BusinessPakistan Stock Exchange

KSE-100 Lost 3,362 Points Despite Gains in TRG and Auto Stocks

Pakistan’s benchmark stock index began June with a sharp decline as investors booked profits in several heavyweight stocks, causing the KSE-100 index to lose more than 3,300 points during Monday’s trading session.

The benchmark closed at 170,600.20 points, down 3,362.62 points or 1.93 percent, after failing to hold early gains. The market opened above 174,000 points and briefly touched its intraday peak before sellers gained control of the session.

A review of market data shows that a small group of influential stocks accounted for a substantial portion of the decline. Engro Holdings emerged as the biggest negative contributor, erasing 427.70 points from the index. It was followed by Fauji Fertilizer Company (FFC), Lucky Cement, OGDC, and Pakistan Petroleum Limited (PPL).

The dominance of these stocks highlights a structural characteristic of Pakistan’s equity market: movements in a handful of large-cap companies often dictate the direction of the broader benchmark. When institutional investors reduce exposure to these sectors, the impact on the overall index can be significant.

On the positive side, several stocks delivered strong performances. TRG Pakistan led gainers with a contribution of 60.60 points, followed by Honda Atlas Cars, Pakistan Oilfields, Colgate-Palmolive Pakistan, and Air Link Communication.

The divergence between gainers and losers suggests that investor sentiment remains selective rather than universally bearish. Technology-related and consumer-oriented companies continued to attract interest, while energy and fertilizer stocks faced stronger selling pressure.

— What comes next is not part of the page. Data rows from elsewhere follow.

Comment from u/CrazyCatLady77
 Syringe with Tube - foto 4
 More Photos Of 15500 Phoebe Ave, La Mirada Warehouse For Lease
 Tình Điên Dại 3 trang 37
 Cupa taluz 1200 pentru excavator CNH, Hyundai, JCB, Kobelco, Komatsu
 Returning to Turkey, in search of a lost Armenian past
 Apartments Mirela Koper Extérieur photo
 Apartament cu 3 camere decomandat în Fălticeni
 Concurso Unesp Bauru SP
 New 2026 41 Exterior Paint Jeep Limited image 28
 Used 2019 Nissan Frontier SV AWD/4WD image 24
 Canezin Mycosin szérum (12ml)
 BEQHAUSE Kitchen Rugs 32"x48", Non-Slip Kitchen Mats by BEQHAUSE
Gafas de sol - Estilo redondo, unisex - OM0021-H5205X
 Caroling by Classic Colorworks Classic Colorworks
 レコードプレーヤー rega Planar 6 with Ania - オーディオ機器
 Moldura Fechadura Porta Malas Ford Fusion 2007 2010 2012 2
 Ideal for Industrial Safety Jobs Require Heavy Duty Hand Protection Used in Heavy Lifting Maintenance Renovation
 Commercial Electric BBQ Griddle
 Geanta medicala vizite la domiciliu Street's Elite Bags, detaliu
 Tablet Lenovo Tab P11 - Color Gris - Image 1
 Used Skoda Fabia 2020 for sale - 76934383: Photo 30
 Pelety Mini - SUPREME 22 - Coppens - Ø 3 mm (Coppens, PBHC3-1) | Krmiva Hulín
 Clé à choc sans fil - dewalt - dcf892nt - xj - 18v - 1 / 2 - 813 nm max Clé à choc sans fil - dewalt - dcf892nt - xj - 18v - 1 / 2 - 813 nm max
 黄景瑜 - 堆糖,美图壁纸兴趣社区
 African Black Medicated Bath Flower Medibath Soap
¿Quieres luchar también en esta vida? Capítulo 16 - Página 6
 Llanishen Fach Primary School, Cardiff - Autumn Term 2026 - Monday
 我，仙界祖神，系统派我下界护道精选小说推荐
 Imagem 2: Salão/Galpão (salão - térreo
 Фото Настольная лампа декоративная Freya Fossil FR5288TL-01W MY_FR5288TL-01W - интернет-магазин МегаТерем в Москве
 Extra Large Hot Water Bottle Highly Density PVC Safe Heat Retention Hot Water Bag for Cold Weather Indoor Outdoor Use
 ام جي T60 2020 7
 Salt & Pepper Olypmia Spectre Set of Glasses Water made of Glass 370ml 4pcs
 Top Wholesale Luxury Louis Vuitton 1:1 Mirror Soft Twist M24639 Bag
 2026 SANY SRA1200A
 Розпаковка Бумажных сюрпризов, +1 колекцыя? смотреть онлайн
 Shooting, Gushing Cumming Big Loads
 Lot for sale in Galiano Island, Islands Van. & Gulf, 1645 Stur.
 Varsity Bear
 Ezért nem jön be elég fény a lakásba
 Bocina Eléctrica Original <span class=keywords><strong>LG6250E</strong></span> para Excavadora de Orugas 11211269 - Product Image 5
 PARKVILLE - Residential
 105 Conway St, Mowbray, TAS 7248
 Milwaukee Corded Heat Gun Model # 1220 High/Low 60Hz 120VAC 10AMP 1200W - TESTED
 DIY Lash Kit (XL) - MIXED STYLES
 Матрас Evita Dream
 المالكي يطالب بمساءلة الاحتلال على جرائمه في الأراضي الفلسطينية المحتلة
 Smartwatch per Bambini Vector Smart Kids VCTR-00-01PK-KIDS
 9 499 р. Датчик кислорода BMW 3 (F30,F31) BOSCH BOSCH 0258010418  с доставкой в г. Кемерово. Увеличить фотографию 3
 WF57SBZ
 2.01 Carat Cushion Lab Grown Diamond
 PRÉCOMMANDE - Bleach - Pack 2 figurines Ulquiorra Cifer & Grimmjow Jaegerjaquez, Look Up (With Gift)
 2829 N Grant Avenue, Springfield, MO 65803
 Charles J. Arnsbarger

Market turnover remained healthy at 246.94 million shares, indicating active participation from both retail and institutional investors. Analysts believe that many investors were rebalancing portfolios rather than exiting the market entirely.

Despite Monday’s decline, the KSE-100 remains one of the better-performing regional benchmarks over a longer horizon. Fiscal-year returns stand at 35.80 percent, underscoring the strength of the rally witnessed over the past year.

However, the benchmark remains down 1.98 percent in calendar year 2026, reflecting uncertainty surrounding economic growth, corporate profitability, inflation trends and future monetary policy decisions.

Looking ahead, investors are expected to closely monitor developments related to interest rates, fiscal policy, energy sector reforms and upcoming corporate earnings announcements. These factors could determine whether the latest correction proves temporary or develops into a broader market consolidation phase.

For market participants, Monday’s session served as another reminder that concentration risk remains a key feature of Pakistan’s stock market, where the performance of a handful of major companies can dramatically influence headline index movements.